Build Better, More Housing Says OSHDP

Gino Olivares, the National President of the Organization of Socialized and Economic Housing Developers of the Philippines, Inc. (OSHDP), emphasized the need to build more decent housing during his keynote speech at The Outlook Real Estate Conference 2022, held last August 31. 

OSHDP advocates for housing projects to be treated nearly as important as the government’s “Build Build Build” infrastructure program. Hence, Olivares’ proposal to build better, more housing. 

At the same time, Olivares encouraged the government to heed the call of the affordable housing sector. He said that acknowledging the housing crisis is one way to treat the problem accordingly and genuinely uplift the life of every Filipino. 

Building Better Housing 

The OSHDP president opened his speech by uttering the words “change,” “revision,” and “shift,” highlighting the advancement needed in the real estate sector. Olivares cited new housing trends in the US, Japan, and Singapore, which the Philippines could adapt to ensure housing is available at a more affordable price.

Co-buying a property, an ongoing trend in the US, is one of the perceived solutions to expensive rents and the looming housing crisis. In this buying arrangement, two or more individuals purchase a property and agree on the ownership terms. In Makati, for instance, Olivares said young, single professionals could break out of the renting cycle and afford decent housing through co-buying. 

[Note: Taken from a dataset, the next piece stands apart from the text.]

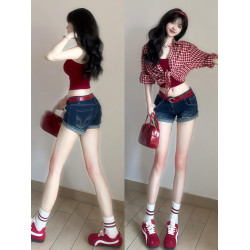 日系復古紅色格子襯衫外套女夏季vintage松弛感甜辣防曬襯衣外套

Considering the high-record prices for traditional apartments and single-family homes, Olivares also looked into the possibility of constructing micro-apartments. He said that developers in Singapore and Japan explored building single-room living spaces while ensuring they are decent and affordable. Similar to co-buying, this trend could address the housing needs of young professionals who work where they can’t afford to live. 

As a real estate practitioner, Olivares also pointed out how valuable it is to own a property, regardless of size. He said, “Whether big or small, a homeowner will always earn a respectable return. At this point in time, it’s not a battle of who owns a large property. It is now a battle of efficiency and effectiveness—aesthetic and functionality even with limited space.” 

Building More Homes

Solving the housing problems in the Philippines also requires solid cooperation between the state and the private sector. For this to transpire, Olivares suggests that the definition of roles must be clear from the start. The government is expected to have a continuing program for housing and urban development, while the private sector will serve as an important cooperator. By having less restrictive regulations on housing production and promoting ease of doing business, developers will have more products to offer. 

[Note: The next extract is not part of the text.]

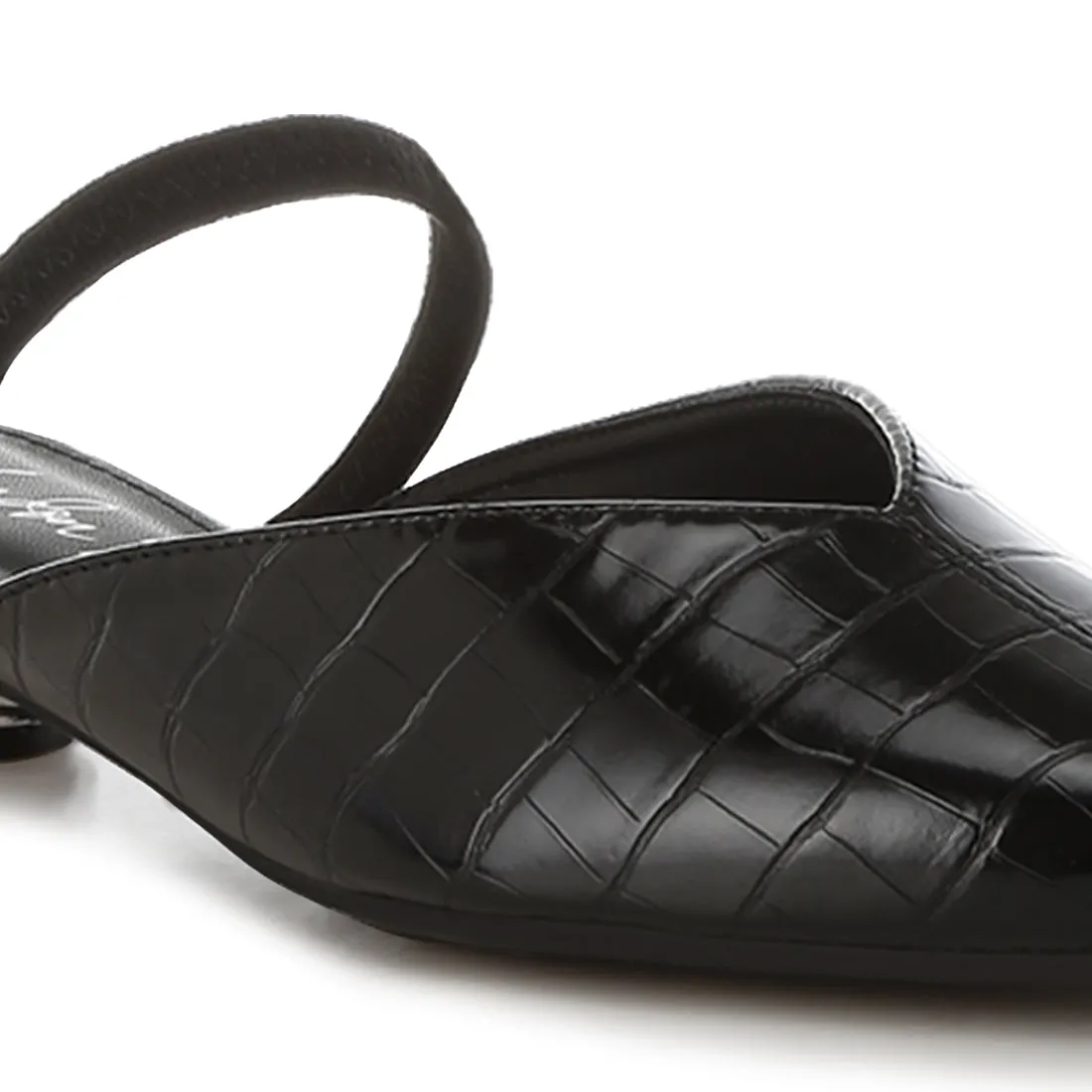 Fantasy Heel Croco Mules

Olivares also pointed out that improvements can be made concerning the price cap setting regulations. He said, “The middle class wants more value for their money. Besides sustainability and durability, they also want [homes] to be aesthetically pleasing. By easing price control such that it allows competition in the market, developers will have more creative ideas and products to offer. Hence, allowing as well more options for homebuyers.

OSHDP also pushes for the enactment of a genuine national land use bill, which could reveal how much land is available for housing and other uses. The land use code is likewise seen as a critical component of spatial development, leading to the creation of new townships and new growth corridors

Developers Doing More than Their Fair Share

Despite the private sector’s so-called “cooperator” role in building more homes, it is responsible for 60 to 70 percent of the country’s average housing production, as revealed by Olivares. Meanwhile, the government housing production through its production arm, National Housing Authority (NHA), amounted to only 2 million housing units of the 6.7 million deficit as of this year.

Some government agencies, however, remain committed to providing decent shelters to Filipinos, prompting the OSHDP president to commend Home Development Mutual Fund (Pag-IBIG), National Home Mortgage Finance Corporation (NHMFC), and Social Housing Finance Corporation (SHFC). 

He also acknowledged the private stakeholders’ role in the industry through the years. As an important driver and partner for growth, developers are worthy of recognition for their efforts and contributions. 

In the upcoming The Outlook 2022: Philippine Real Estate Awards, Lamudi is back to give prestigious recognitions to developers and projects that significantly help the Filipino people. The event also honors the industry’s resilience amid the health crisis and facilitates social engagement as a cornerstone of real estate breakthroughs.